The cardanowall crate seals through the same gateway client. parse_age_recipient decodes each address to the raw key, and the KEM defaults to the X-Wing hybrid:

use cardanowall::client::{
    Label309Client, Label309ClientConfig, PublishSealedInput, SealPrepareItem,
};
use cardanowall::recipient::parse_age_recipient;

fn main() -> Result<(), Box<dyn std::error::Error>> {
    let client = Label309Client::new(Label309ClientConfig {
        base_url: Some("https://your-gateway.example".into()),
        api_key: std::env::var("CW_API_KEY").ok(),
    })?;

    let content = b"the secret payload".to_vec();
    let recipients = vec![parse_age_recipient("age1pqc…recipient")?.public_key];

    // One-shot: seal, quote the exact record size, upload, publish. The KEM
    // defaults to mlkem768x25519 (X-Wing); `with_kem` selects x25519.
    let submission = client.poe().publish_sealed(
        &PublishSealedInput::new(vec![SealPrepareItem::new(&content)], recipients)
            .with_max_usd_micros(2_000_000), // refuse to spend more than $2
    )?;

    println!("{}", submission.response.id);
    Ok(())
}

For a resumable flow, seal_prepare returns a PreparedSeal you can persist and client.poe().submit_sealed(&SubmitSealedInput::new(&prepared)) runs the online half. The CLI seals from the command line too, with the same phases under the hood: cardanowall seal --file <path> --to <address>.

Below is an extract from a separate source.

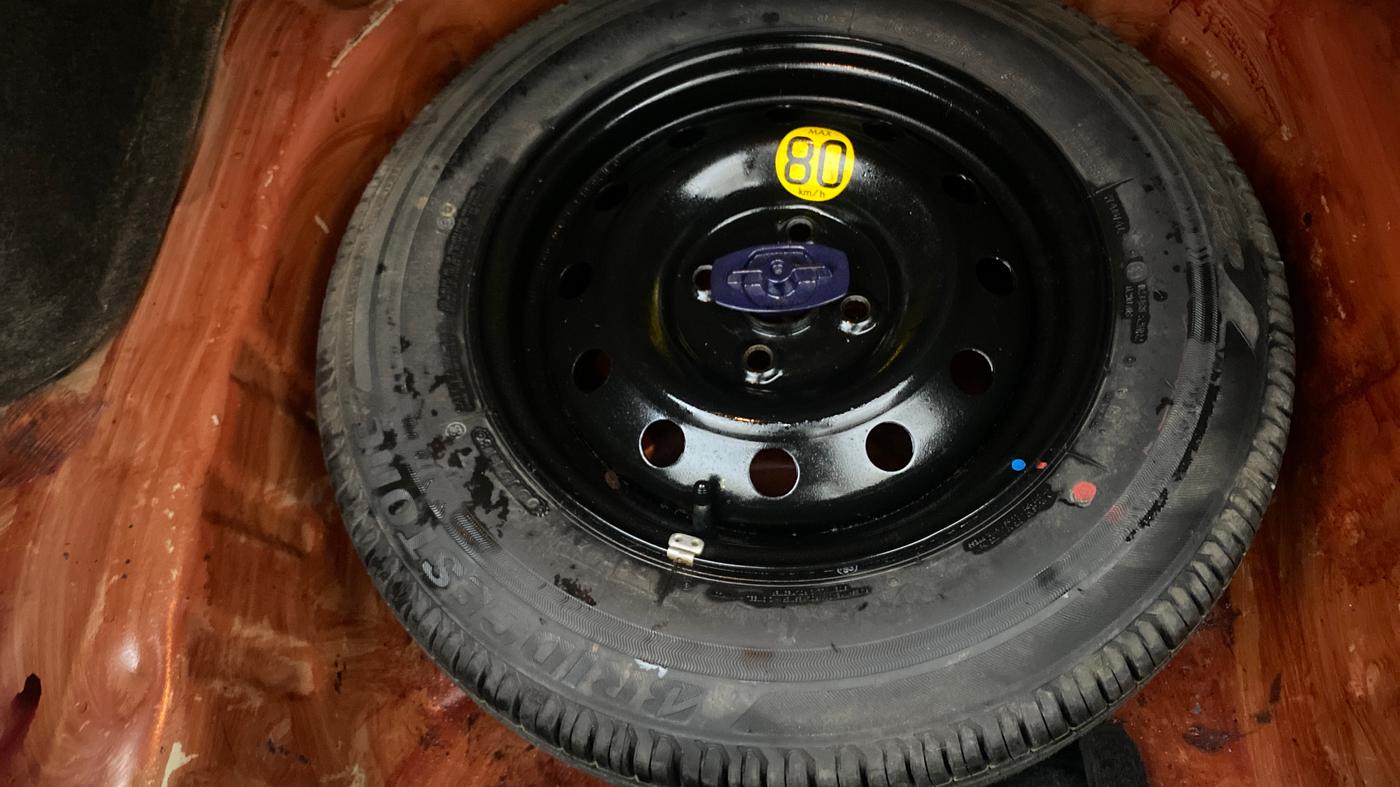 2019 Maruti Dzire ZXI AMT, Petrol, Automatic, 70,413 km, Spare Tyre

Once the record settles, each recipient discovers it, decrypts the payload with their private key, and recomputes the plaintext hash to close the loop — that's the recipient half of Verify a record.

Seal to yourself too

publishSealed never adds you to the recipient list silently. If you don't include one of your own keys, you publish a record you can never read back. Include me.age1pqc (or me.age) among the recipients whenever you want to keep access to what you sent.